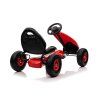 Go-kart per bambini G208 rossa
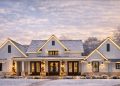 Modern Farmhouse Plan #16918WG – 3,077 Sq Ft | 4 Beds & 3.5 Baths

* * *

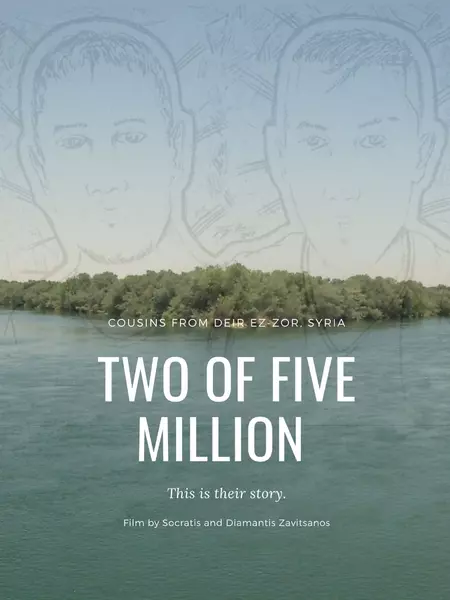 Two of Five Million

==

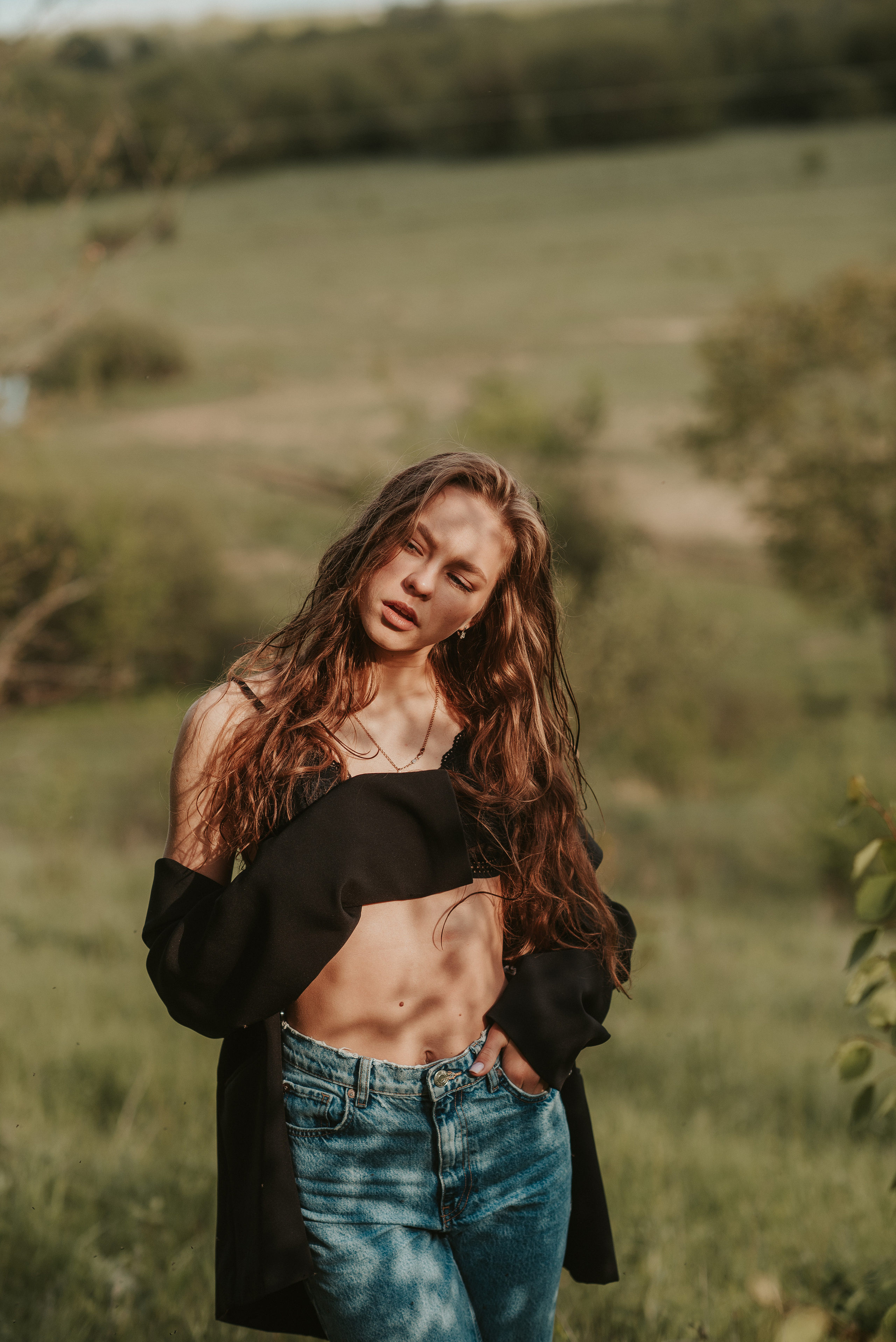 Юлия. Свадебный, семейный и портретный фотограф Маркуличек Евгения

§ **Exercise**: Could you output exactly the lines above, from the line with "Go-kart per bambini G208 rossa" up to and including the line with "Modern Farmhouse Plan", and nothing else, skipping the pictures?

§ **Task result**:
 Go-kart per bambini G208 rossa
 Modern Farmhouse Plan #16918WG – 3,077 Sq Ft | 4 Beds & 3.5 Baths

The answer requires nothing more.